7.7. Environment Management#

7.7.1. virtualenv-clone: Create a Copy of a Virtual Environment#

Sometimes you might want to use the same virtual environment for 2 different directories. If you want to create a copy of a virtual environment, use virtualenv-clone.

The code below shows how to use virtualenv-clone.

$ pip install virtualenv-clone
$ virtualenv-clone old_venv/ new_venv/

$ source new_venv/bin/activate

Link to virtualenv-clone.

7.7.2. pip-autoremove: Remove a Package and Its Unused Dependencies#

When using pip uninstall, you only remove a specific package.

Hide code cell content
!pip install -U pandas-profiling[notebook]
$ pip uninstall pandas-profiling[notebook] -y

Wouldn’t it be nice if you can uninstall that package and its unused dependencies? That is when pip-autoremove comes in handy.

Hide code cell content
!pip install pip-autoremove
Hide code cell content
!pip install -U pandas-profiling[notebook]
$ pip-autoremove pandas-profiling[notebook] -y
Jinja2 3.0.1 is installed but jinja2~=2.11.2 is required
Redoing requirement with just package name...
spacy 3.1.2 is installed but spacy<3.0.0 is required
Redoing requirement with just package name...
markdown-it-py 0.6.2 is installed but markdown-it-py~=1.0 is required
Redoing requirement with just package name...
attrs 21.2.0 is installed but attrs<21,>=19 is required
Redoing requirement with just package name...
typer 0.3.2 is installed but typer[all]>=0.4 is required
Redoing requirement with just package name...
fsspec 0.8.7 is installed but fsspec[http]>=2021.8.1 is required
Redoing requirement with just package name...
pandas-profiling 3.1.0 (/home/khuyen/book/venv/lib/python3.8/site-packages)
    seaborn 0.11.2 (/home/khuyen/book/venv/lib/python3.8/site-packages)
    htmlmin 0.1.12 (/home/khuyen/book/venv/lib/python3.8/site-packages)
    phik 0.12.0 (/home/khuyen/book/venv/lib/python3.8/site-packages)
    multimethod 1.6 (/home/khuyen/book/venv/lib/python3.8/site-packages)
    tangled-up-in-unicode 0.1.0 (/home/khuyen/book/venv/lib/python3.8/site-packages)
    visions 0.7.4 (/home/khuyen/book/venv/lib/python3.8/site-packages)
    missingno 0.5.0 (/home/khuyen/book/venv/lib/python3.8/site-packages)
Found existing installation: phik 0.12.0
Uninstalling phik-0.12.0:
  Successfully uninstalled phik-0.12.0
Found existing installation: multimethod 1.6
Uninstalling multimethod-1.6:
  Successfully uninstalled multimethod-1.6
Found existing installation: pandas-profiling 3.1.0
Uninstalling pandas-profiling-3.1.0:
  Successfully uninstalled pandas-profiling-3.1.0
Found existing installation: seaborn 0.11.2
Uninstalling seaborn-0.11.2:
  Successfully uninstalled seaborn-0.11.2
Found existing installation: tangled-up-in-unicode 0.1.0
Uninstalling tangled-up-in-unicode-0.1.0:
  Successfully uninstalled tangled-up-in-unicode-0.1.0
Found existing installation: visions 0.7.4
Uninstalling visions-0.7.4:
  Successfully uninstalled visions-0.7.4
Found existing installation: htmlmin 0.1.12
Uninstalling htmlmin-0.1.12:
  Successfully uninstalled htmlmin-0.1.12
Found existing installation: missingno 0.5.0
Uninstalling missingno-0.5.0:
  Successfully uninstalled missingno-0.5.0

By using pip-autoremove, pandas-profiling and its unused dependencies are removed!

Link to pip-autoremove.

7.7.3. pipreqs: Generate requirements.txt File for Any Project Based on Imports#

Hide code cell content
!pip install pipreqs

pip freeze saves all packages in the environment, including ones that you don’t use in your current project. To generate a requirements.txt based on imports, use pipreqs.
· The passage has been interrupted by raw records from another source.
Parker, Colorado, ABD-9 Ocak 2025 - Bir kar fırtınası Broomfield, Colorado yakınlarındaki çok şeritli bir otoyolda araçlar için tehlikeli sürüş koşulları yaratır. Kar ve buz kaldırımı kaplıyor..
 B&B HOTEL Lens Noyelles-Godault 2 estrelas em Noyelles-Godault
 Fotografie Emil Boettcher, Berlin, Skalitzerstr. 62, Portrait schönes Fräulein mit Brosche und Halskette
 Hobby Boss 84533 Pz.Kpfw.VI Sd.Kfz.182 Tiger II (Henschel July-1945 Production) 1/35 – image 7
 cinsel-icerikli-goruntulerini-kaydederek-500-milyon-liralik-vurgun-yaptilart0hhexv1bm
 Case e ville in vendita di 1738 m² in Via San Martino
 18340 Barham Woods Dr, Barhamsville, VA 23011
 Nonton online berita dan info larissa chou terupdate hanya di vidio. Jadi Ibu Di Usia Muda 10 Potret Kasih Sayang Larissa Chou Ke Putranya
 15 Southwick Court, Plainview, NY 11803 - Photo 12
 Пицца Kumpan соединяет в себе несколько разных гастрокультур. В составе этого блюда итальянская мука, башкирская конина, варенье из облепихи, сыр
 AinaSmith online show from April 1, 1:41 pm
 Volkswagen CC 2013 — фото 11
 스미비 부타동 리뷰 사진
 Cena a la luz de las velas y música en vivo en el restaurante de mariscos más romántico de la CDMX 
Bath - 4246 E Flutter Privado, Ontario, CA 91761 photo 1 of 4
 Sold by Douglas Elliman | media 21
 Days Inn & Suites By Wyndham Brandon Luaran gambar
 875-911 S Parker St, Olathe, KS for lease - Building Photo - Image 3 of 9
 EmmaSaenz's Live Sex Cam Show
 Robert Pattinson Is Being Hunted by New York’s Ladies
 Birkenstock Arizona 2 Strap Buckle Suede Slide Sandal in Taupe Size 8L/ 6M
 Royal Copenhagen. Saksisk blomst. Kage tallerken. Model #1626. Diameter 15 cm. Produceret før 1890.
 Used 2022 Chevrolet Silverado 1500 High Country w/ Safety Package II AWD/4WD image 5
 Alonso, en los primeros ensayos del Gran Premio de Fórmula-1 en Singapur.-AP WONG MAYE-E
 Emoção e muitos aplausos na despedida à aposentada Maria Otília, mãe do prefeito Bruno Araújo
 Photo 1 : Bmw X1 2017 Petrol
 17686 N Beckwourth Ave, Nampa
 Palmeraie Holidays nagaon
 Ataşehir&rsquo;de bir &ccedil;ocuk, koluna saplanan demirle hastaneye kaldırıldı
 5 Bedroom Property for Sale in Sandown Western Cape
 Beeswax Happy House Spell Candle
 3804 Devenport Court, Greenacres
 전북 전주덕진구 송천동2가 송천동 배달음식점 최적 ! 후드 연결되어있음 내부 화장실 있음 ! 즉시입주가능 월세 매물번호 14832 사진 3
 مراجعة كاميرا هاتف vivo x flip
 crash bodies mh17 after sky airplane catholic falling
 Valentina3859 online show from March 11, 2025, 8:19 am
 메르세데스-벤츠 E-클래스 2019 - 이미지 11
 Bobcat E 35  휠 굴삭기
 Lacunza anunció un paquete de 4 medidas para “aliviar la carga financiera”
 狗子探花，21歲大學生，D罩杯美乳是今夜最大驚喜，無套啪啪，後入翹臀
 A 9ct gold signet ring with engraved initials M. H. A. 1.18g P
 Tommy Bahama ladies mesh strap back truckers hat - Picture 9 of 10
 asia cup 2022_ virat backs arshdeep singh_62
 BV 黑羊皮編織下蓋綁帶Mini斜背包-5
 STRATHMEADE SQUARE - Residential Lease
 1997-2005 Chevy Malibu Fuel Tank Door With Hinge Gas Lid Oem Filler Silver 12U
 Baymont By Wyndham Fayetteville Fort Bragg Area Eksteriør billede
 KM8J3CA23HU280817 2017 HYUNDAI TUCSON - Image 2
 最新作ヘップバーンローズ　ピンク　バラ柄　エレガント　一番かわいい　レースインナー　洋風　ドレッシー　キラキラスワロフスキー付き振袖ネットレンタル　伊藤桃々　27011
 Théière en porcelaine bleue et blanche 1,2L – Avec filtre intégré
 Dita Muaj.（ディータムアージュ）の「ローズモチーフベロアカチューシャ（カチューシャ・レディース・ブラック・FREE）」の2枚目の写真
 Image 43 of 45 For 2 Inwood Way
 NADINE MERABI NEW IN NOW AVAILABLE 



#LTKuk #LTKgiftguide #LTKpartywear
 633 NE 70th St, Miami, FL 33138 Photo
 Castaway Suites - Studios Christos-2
For example, to save all packages in your current project to a requirements.txt file, run:

$ pipreqs . 
INFO: Successfully saved requirements file in ./requirements.txt

Your requirements.txt should look like below:

numpy==1.21.4
pandas==1.3.4
pyinstrument==4.0.3
typer==0.4.0

Usage of pipreqs:

Usage:
    pipreqs [options] [<path>]

Arguments:
    <path>                The path to the directory containing the application files for which a requirements file
                          should be generated (defaults to the current working directory)

Options:
    --use-local           Use ONLY local package info instead of querying PyPI
    --pypi-server <url>   Use custom PyPi server
    --proxy <url>         Use Proxy, parameter will be passed to requests library. You can also just set the
                          environments parameter in your terminal:
                          $ export HTTP_PROXY="http://10.10.1.10:3128"
                          $ export HTTPS_PROXY="https://10.10.1.10:1080"
    --debug               Print debug information
    --ignore <dirs>...    Ignore extra directories, each separated by a comma
    --no-follow-links     Do not follow symbolic links in the project
    --encoding <charset>  Use encoding parameter for file open
    --savepath <file>     Save the list of requirements in the given file
    --print               Output the list of requirements in the standard output
    --force               Overwrite existing requirements.txt
    --diff <file>         Compare modules in requirements.txt to project imports
    --clean <file>        Clean up requirements.txt by removing modules that are not imported in project
    --mode <scheme>       Enables dynamic versioning with <compat>, <gt> or <non-pin> schemes
                          <compat> | e.g. Flask~=1.1.2
                          <gt>     | e.g. Flask>=1.1.2
                          <no-pin> | e.g. Flask

Link to pipreqs.

7.7.4. pydeps: Python Module Dependency Visualization#

If you want to generate the graph showing the dependencies of your Python modules, try pydeps.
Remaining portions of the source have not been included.